### Work to complete
Starting at the line with "Next I'm going" and ending at the line with "Hey guys, this", print exactly the lines of the entries below. Pictures do not belong in the copy.

Stored data:
---
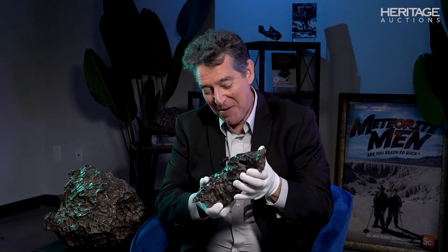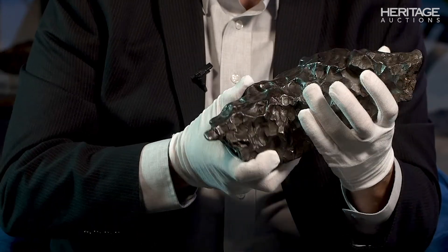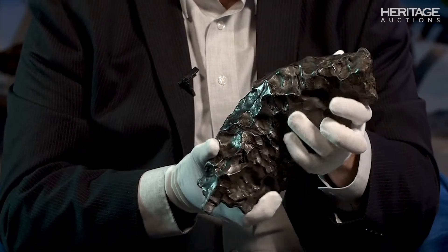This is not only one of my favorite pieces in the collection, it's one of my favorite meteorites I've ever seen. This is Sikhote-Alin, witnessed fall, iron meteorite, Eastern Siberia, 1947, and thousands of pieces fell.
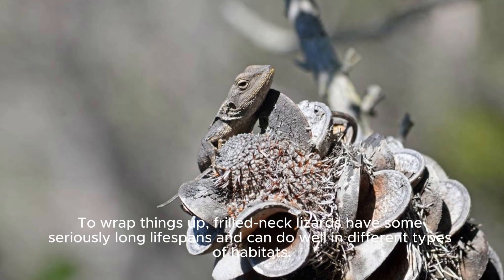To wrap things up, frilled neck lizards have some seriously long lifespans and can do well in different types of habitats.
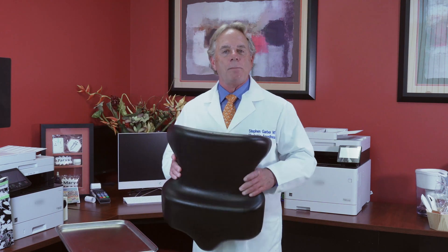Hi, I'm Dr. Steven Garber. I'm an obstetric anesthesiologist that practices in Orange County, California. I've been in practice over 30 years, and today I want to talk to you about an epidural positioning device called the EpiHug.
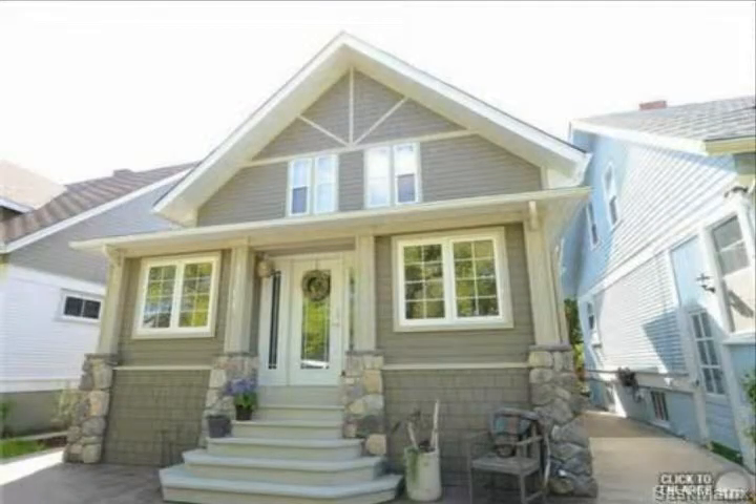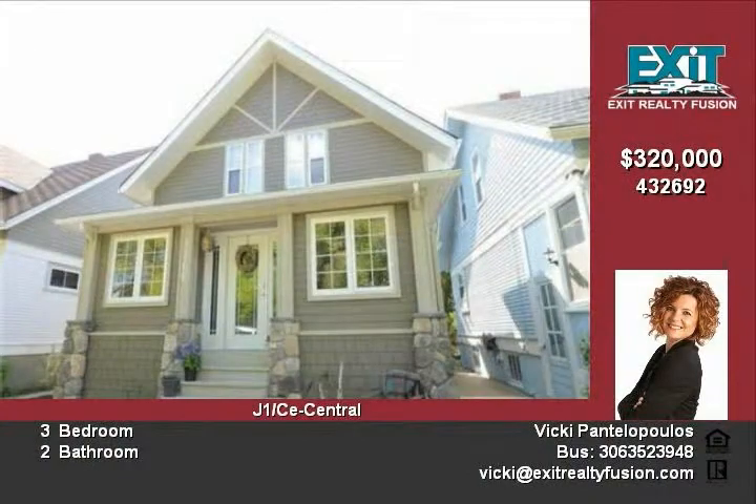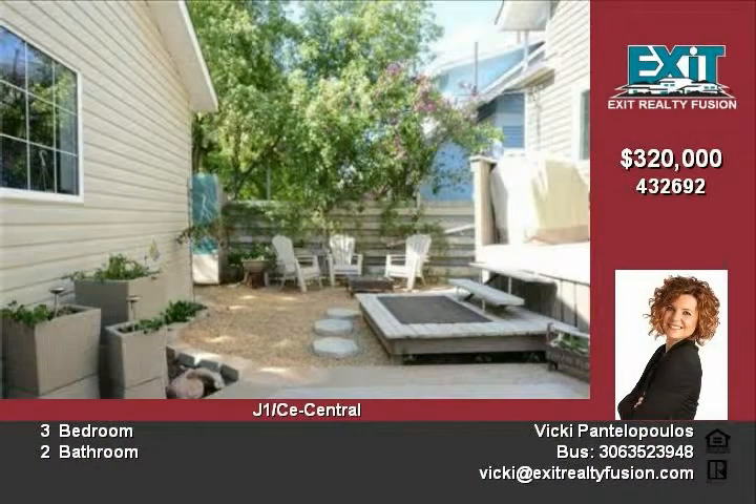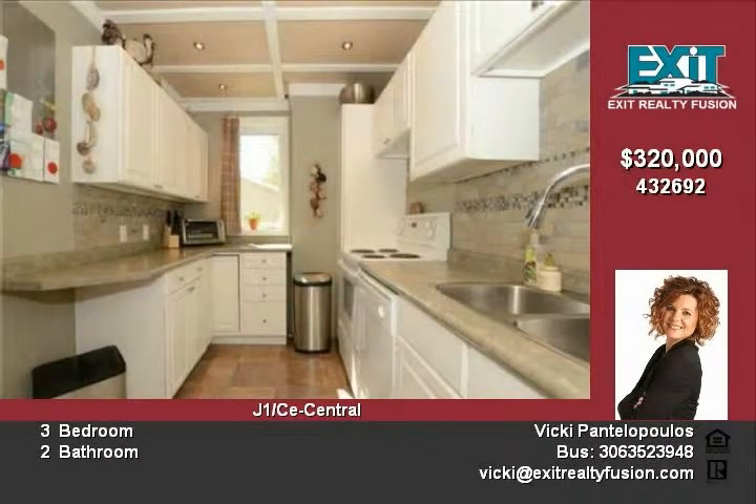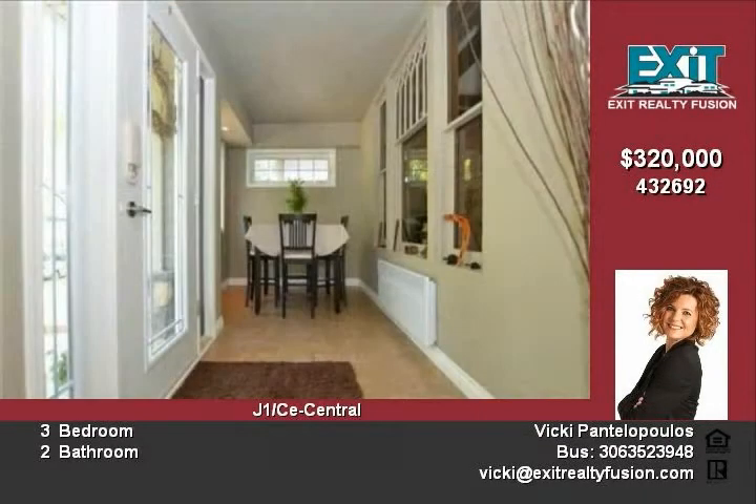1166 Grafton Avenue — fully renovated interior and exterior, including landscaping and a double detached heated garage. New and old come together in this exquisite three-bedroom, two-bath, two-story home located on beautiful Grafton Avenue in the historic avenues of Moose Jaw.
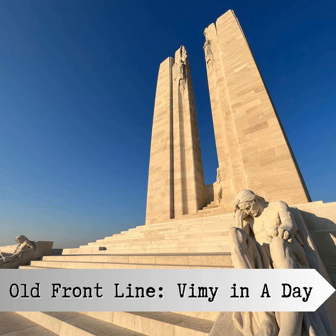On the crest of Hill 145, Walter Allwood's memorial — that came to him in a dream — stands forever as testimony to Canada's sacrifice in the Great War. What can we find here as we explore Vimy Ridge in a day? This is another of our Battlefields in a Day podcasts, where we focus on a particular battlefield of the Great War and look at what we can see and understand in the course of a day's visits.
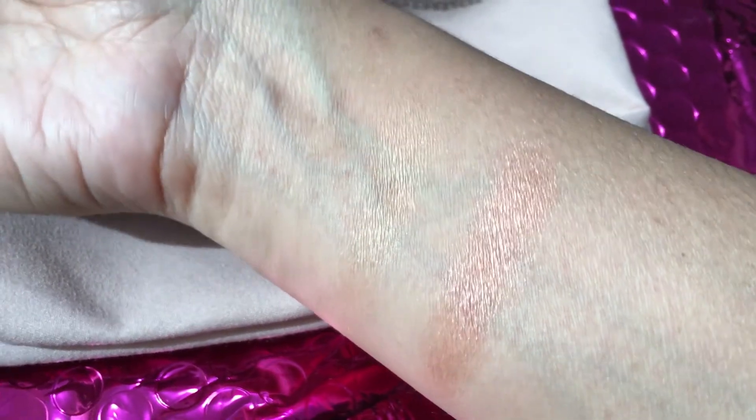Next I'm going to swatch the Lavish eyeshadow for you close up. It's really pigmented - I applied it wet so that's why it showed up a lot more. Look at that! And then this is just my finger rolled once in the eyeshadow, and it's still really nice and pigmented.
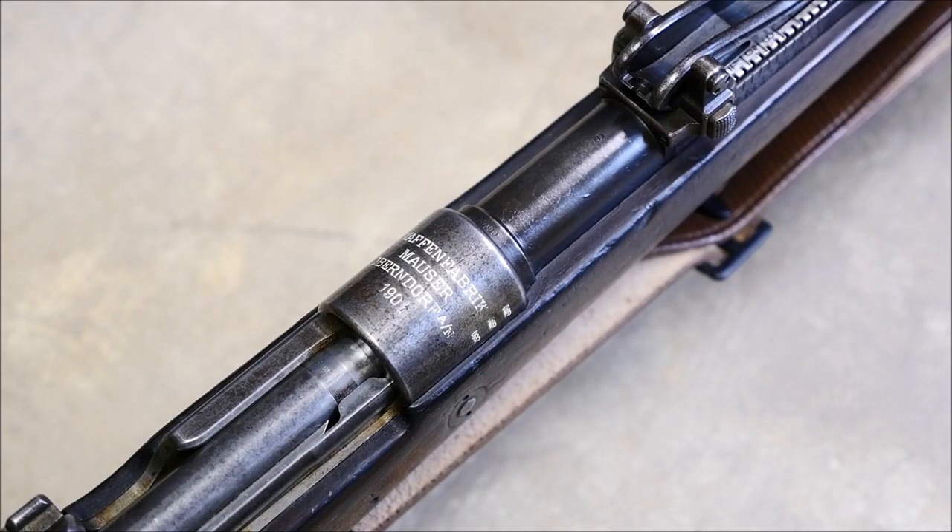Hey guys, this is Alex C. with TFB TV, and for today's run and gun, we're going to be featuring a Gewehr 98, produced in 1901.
---
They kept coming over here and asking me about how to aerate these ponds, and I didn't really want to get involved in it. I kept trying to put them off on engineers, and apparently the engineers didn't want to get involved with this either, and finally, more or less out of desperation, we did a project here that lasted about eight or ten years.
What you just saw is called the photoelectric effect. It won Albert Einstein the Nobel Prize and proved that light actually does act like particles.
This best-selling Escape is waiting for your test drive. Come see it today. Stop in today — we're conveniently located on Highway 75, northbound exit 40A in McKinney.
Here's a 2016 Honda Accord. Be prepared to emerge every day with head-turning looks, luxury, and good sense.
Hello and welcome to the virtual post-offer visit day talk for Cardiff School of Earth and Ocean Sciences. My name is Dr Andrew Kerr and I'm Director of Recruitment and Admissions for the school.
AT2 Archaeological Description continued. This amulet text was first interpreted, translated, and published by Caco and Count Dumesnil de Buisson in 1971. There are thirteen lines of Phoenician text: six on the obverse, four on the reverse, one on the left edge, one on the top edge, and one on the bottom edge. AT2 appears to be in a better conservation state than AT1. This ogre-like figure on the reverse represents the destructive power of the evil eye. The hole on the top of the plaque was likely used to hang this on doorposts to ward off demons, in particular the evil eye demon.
---
### Answer space
Next I'm going to swatch the Lavish eyeshadow for you close up. It's really pigmented - I applied it wet so that's why it showed up a lot more. Look at that! And then this is just my finger rolled once in the eyeshadow, and it's still really nice and pigmented.
Hey guys, this is Alex C. with TFB TV, and for today's run and gun, we're going to be featuring a Gewehr 98, produced in 1901.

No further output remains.